Black box testing is the place to start. Then progressively lighting the testing, from gray to white box is usually recommended. Yes, testing is not perfect, but has defendable arguments about its correctness. Hence, the movement to use test-driven development.

Yes, there is a chance that our product will get hacked. But, that is not the issue. The issue is: will that take more effort, time, money, and resources to do than for what is being used today? We think the answer is yes.

Whether a protocol, or any code, is published or not, it is still vulnerable to being hacked and that hack being kept confidential. The effect is the same.

MQTT is a good example. The payload can be anything, including malware, as in the example where a client gets compromised. Our protocol is highly restricted so that secretly passing malware in a message is highly unlikely.

Again, respectfully, I stand by the statement that security is based on trust. Proof has to be believed to be useful, so you have to trust the source of the proof, and who provides it.

Overall, we believe that our product is simpler and less error prone to configure, and less vulnerable to exploits then assembling all the technologies that have been mentioned here. We are providing just one piece of a cybersecurity framework that only covers controls network communications, as part of an overall cybersecurity plan.

[kefka]

My comment was too long, as deemed by HN. So I posted it here.

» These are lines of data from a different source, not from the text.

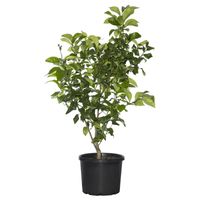 LemonTree.jpg LemonTree.jpg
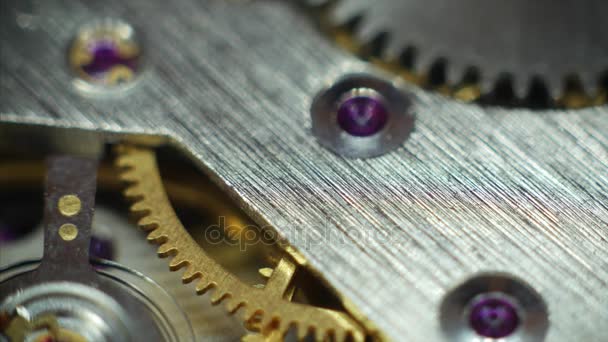 Watch Mechanism Close up — Stock Video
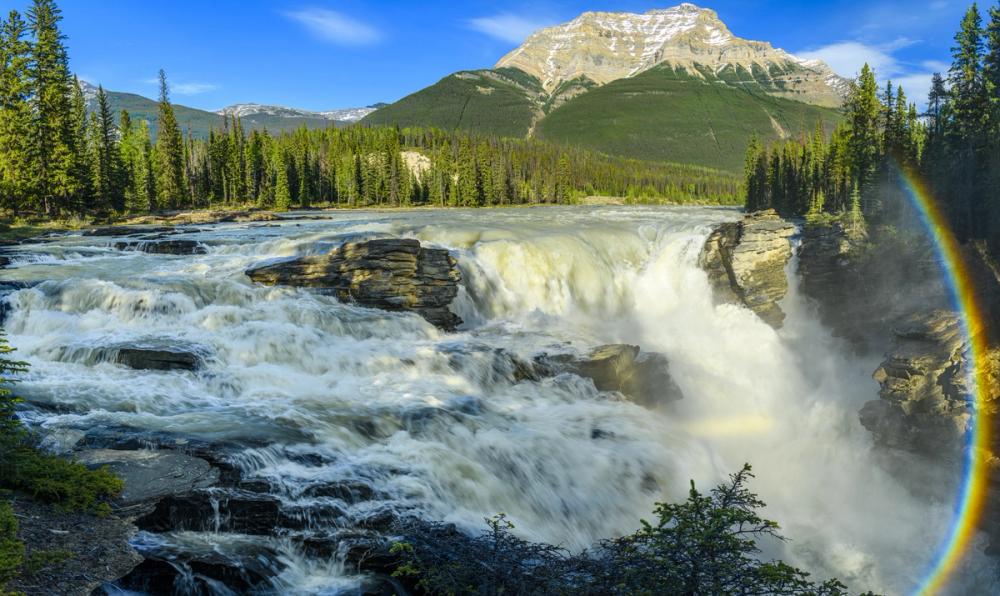 Athabasca River Falls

https://pastebin.com/hLBbqk24

[dwviel]

Thanks for the detailed response.

I understand the need to see inside the technology to understand how and why it works. Some of our technology is being patented, so it will be published. Some is trade secrets, so we keep that closely held. These are business decisions that may change in the future as needed. We are considering publishing the protocol on the wire standard and the SIDL language, as so many people will likely want an open standard for these. We don’t believe in “security through obscurity” as that is just delaying the inevitable and fooling ones self. On the other hand, we do have some competitors that may like some of our closely held techniques, which we would rather not share.

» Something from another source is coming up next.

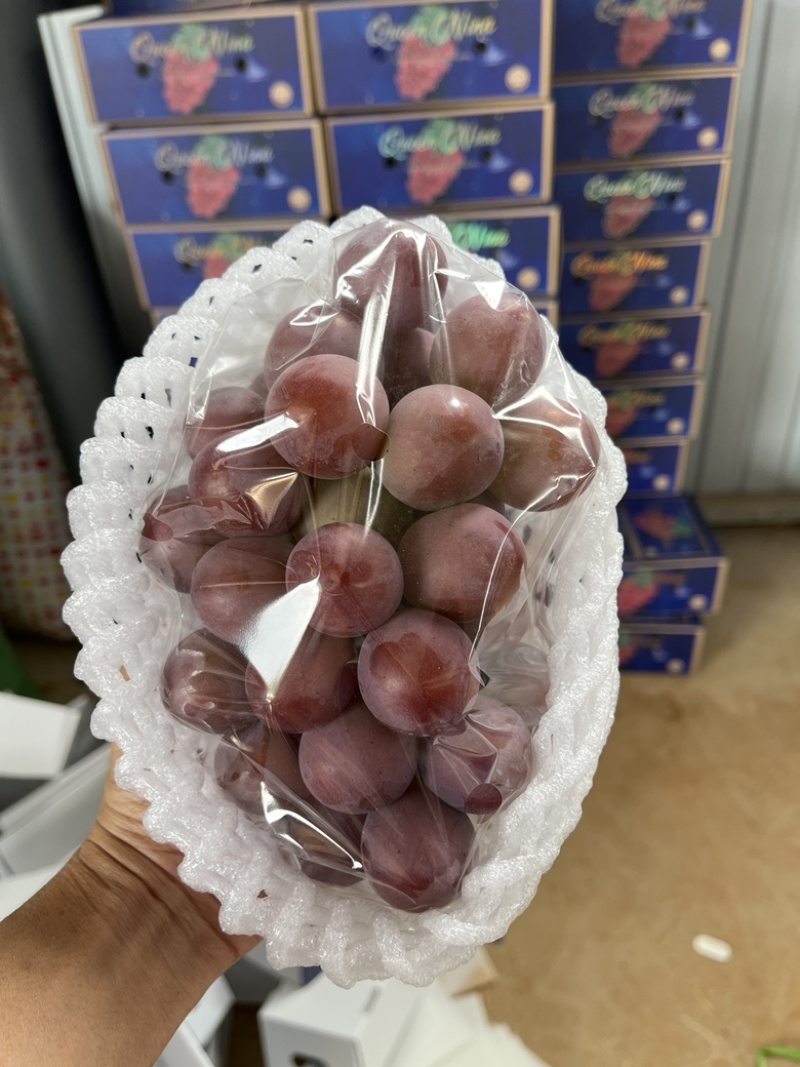 云南尼娜皇后基地直供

The example of the motor controller is a good one, and one that this technology handles well. In the case of a command to set motor speed the interface message specifies the acceptable range of values and the implementation on each side enforces those limits. So, the motor won’t spin beyond its capabilities. These are just the kind of use cases for which the protocol was designed. With regards to RFCs, they are recommendations not specifications per se. That is, a vendor is free to implement the RFC as it sees fit. An offensive cyber operator told me that if you want to hack a network just open the RFCs and search for the word “may” and start there. So, what you get can be very vendor specific.

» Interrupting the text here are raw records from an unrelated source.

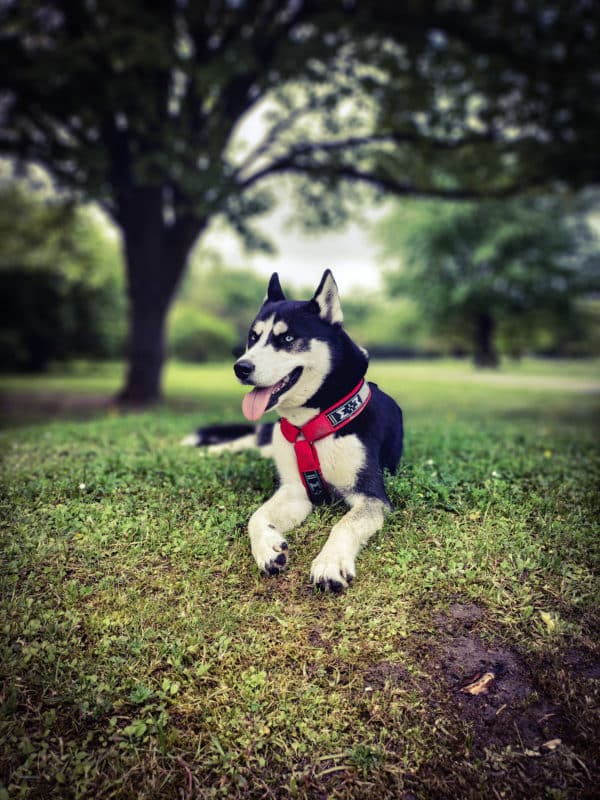 Harnais court rouge sur husky sibérien noir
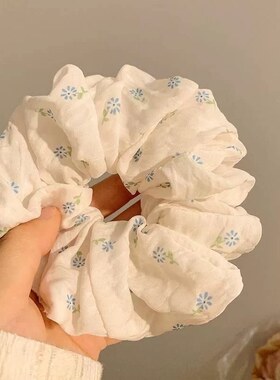 2025春夏新款森系碎花大肠发圈头绳女韩系温柔高颜值发绳发饰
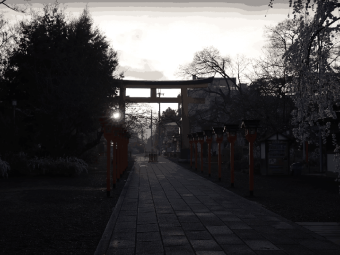 京都一梦，浮世万千皆是温柔与诗意 ✨：文章配图 3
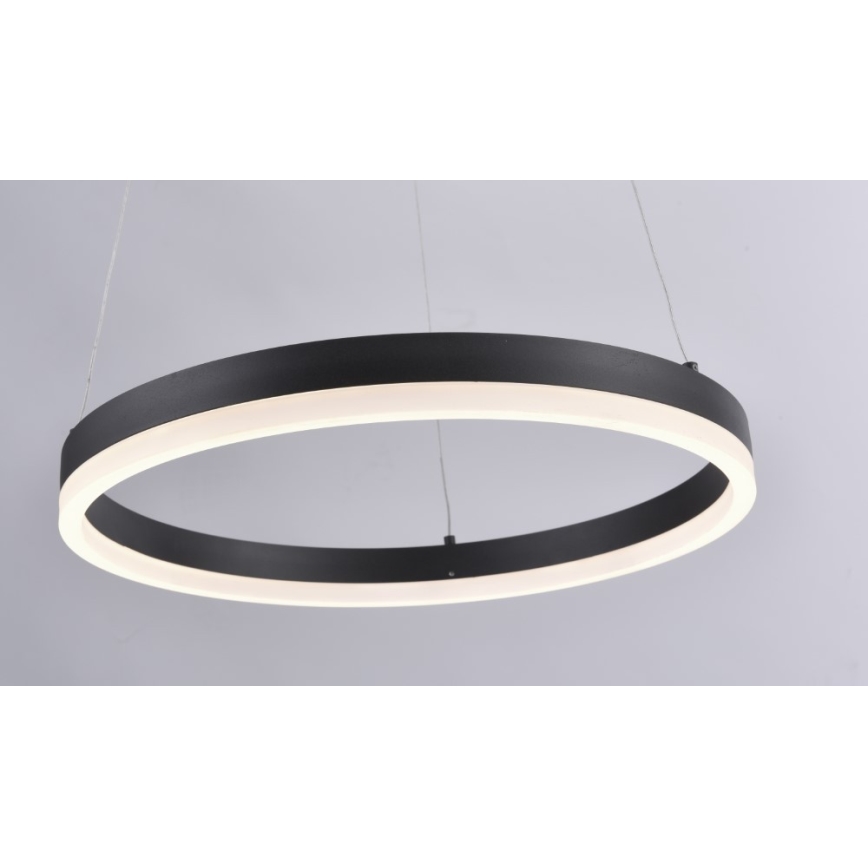 Paul Neuhaus 2381-13 - Підвісна LED люстра з регулюванням яскравості TITUS LED/28W/230V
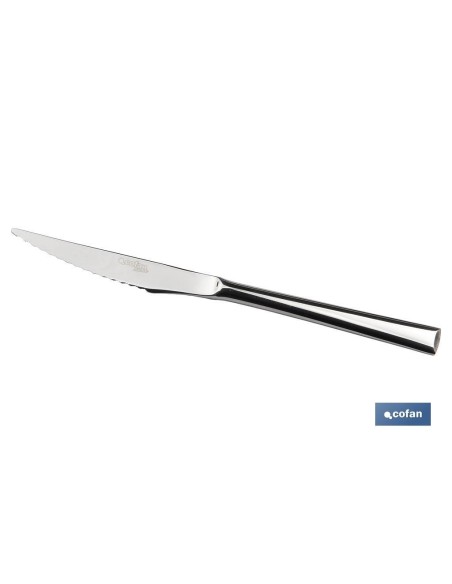 CAJA 12uds CUCHILLO DE CARNE INOX C-18/10 MODELO BARI 10 mm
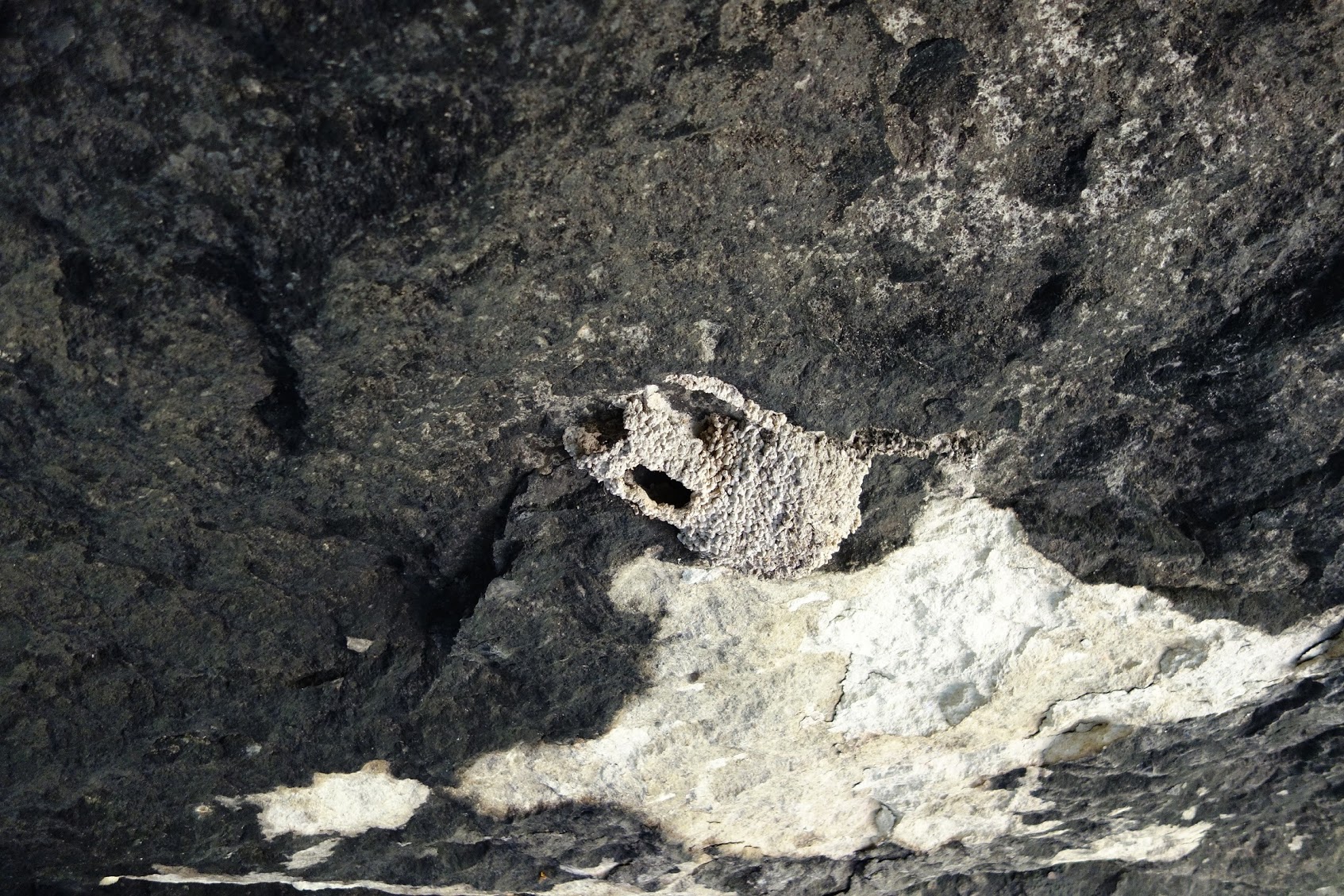 Натиснете снимката за да я уголемите
Име:DSC04105.JPG
Прегледи:1
Размер:663.3 КБ
ID:6158892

Our chief concern as to attackers is the nation-state actors. We believe that they have the best techniques and are at the leading edge of cyberoffense capabilities. Unfortunately, there work is highly classified and we only get a glimpse or an innuendo occasionally as to what they do.

One of the features of the technology that really enhances the defensive strength is the use of the highly constrained interface specification. If an attacker on a compromised client tried to shoehorn some malware into a message it would almost certainly get dropped as the bit combination in the message arguments would most likely not pass the constraint validation tests. Thus, the attack surface for the interface is greatly reduced from that allowed by other protocols.

We don’t trust SSL, SSH, and SCP, as we’ve been told not to. We only use these during configuration when we tell users to disconnect the system from the network.

I appreciate the thoughts. Makes me think hard about what we’re doing and how to communicate it.

What about the “flagged”?